On the other hand, the subsurface definition—the petrophysics, seismic data, geology and well data—tends to have cleaner and more defined lines. Yet E&P companies have increasingly been able to look between those lines to understand where further, adjacent production opportunities might lie.
The catalyst? Millions of historic and life-cycle data acquired, and the evolution of subsurface software to analyze and draw insights from it.
In the past, operators would have needed to drill multiple wells to understand the viability of a field. Now, thanks to the thousands of historical wells and their respective data that now exists, both produced and dry, the same types of insights into the geology and structures below can often be inferred prior to drilling wells. These insights are made even more possible by digital transformation and with it, the evolution of well integration, visualization, machine learning and interpretation software, such as Lloyd’s Register’s Interactive Correlation (IC) and Interactive Petrophysics (IP) subsurface software packages.
These subsurface software applications bring disparate data sources together into one place, enabling operators to correlate, map and interpret the data for insights into subsurface characteristics across an entire geographical area, going beyond the individual data from a single well. Rather than spend months or years drilling for data, the software enables operators to narrow down the list of potential opportunities more accurately and swiftly than ever before.

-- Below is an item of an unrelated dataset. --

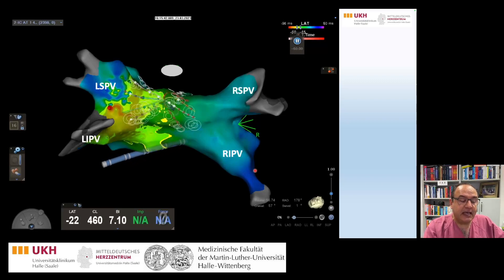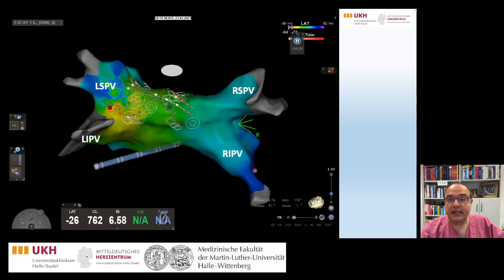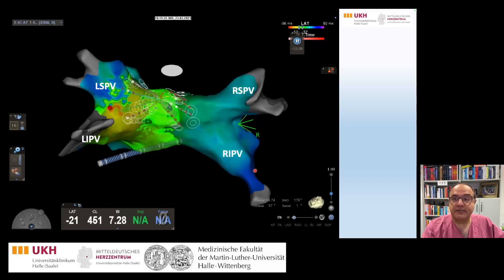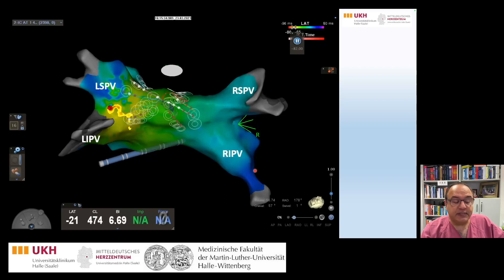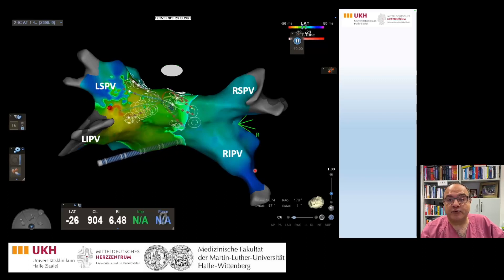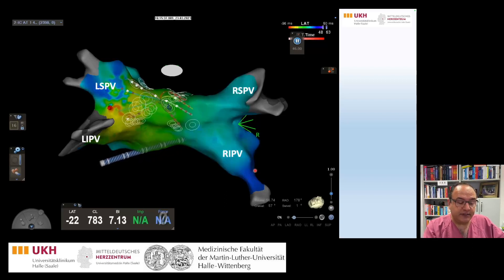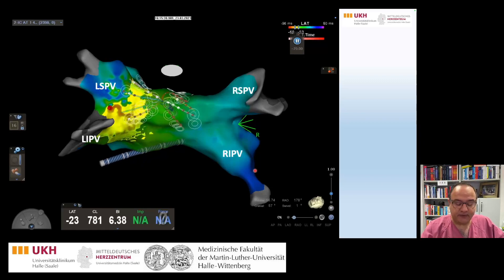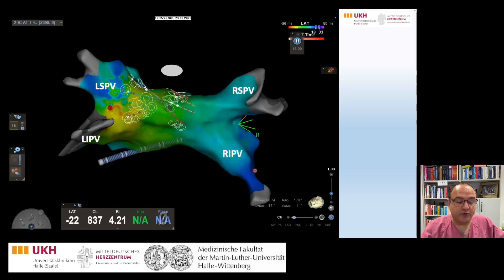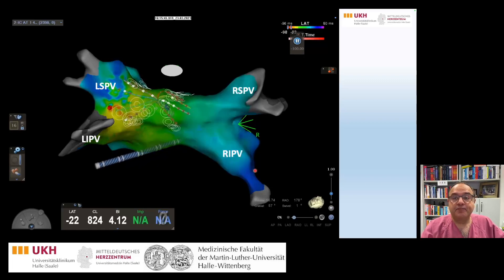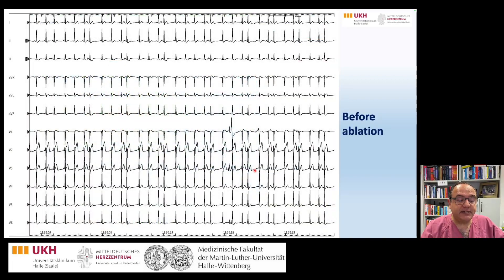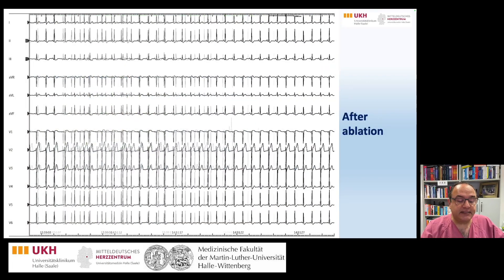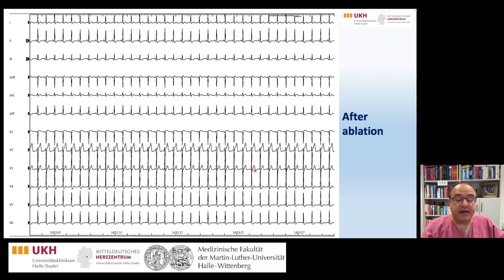The map shows a close proximity of the PAC to the left superior pulmonary vein — actually on the ridge between the left superior and left inferior pulmonary vein — which was successfully ablated. This is the ECG before catheter ablation, and this is the ECG after catheter ablation.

With greater depth of detail, financiers will have more confidence to invest in exploration efforts, and operators can expect to see a reduction in the number of dry or marginal wells drilled in the future as well as an increase in the hydrocarbon recovery of existing fields.
Visualizing the results of flexible data queries spatially on a map, alongside interpreted seismic surfaces, grids and other data analysis, increases the efficiency of identifying prospective target areas no matter what the requirements for potential are.
Once a potential area of interest is identified, it is then straightforward to begin correlating and interpreting the well data, while taking into consideration the sedimentology and depositional setting from the well interpretations to complete the geological understanding of the area.
Potential in-place hydrocarbon volumes can be determined by combining the petrophysical properties of hydrocarbon saturation, porosity and permeability, derived from wells that have penetrated analogue reservoirs, along with reservoir height and area.
In developing its subsurface software packages, Lloyd’s Register focuses on delivering high-quality, fast interpretations in an intuitive, visually striking and interactive way, without being overcomplicated. The software offers an easy way to combine datasets into workflows and provide opportunities for teams across functions to collaborate. Tapping into the innate human interest in data displayed visually, subsurface interpretations can be interrogated in 2D or 3D, helping users understand stratigraphy and correlations more easily.
The software developments are underpinned by a forensic style approach to analyzing subsurface characteristics; users deduce the most accurate interpretation possible based on the evidence available to provide leads for further enquiry.
Lloyds Register’s IC and IP subsurface software packages have been successfully utilized by many of the leading oil and gas operators, consultancies and service companies globally in many varied and complex geological settings to help identify missed pay opportunities in existing fields and identify potential fields.
Developed over the past 25 years, the IC and IP software products have grown with advancing technology, data and workflows, regularly bringing many industry firsts ranging from:
- A complete Monte Carlo uncertainty of the entire workflow back in the '90s;
- The more recent non-statistical machine learning algorithm called Domain Transform Analysis; and
- Bringing a new approach in 2021 to textural analysis from borehole images to the market.
The software continues to develop with many new features planned.
Fit for an ever-changing world
The recent updates don’t solely apply to exploration and appraisal of potential hydrocarbon fields. Operators are increasingly faced with making decisions to address the challenges of a maturing industry and the energy transition.
New opportunities, such as geothermal energy potential, mineral extraction and carbon capture utilization and storage, mean operators are analyzing data in new ways to keep pace in an ever-changing world. To make those initial decisions without the need for additional data or software investment enables operators to keep ahead without increasing operational costs.
Myriad untapped opportunities remain hidden in the existing data that operators have collated over the life cycles of their various E&P activities. Without bringing all the data together, these opportunities may remain hidden for good. However, with the evolution of well integration, visualization and interpretation software, there has never been a better time for operators to leverage their data to make new discoveries and unlock new opportunities for the energy transition.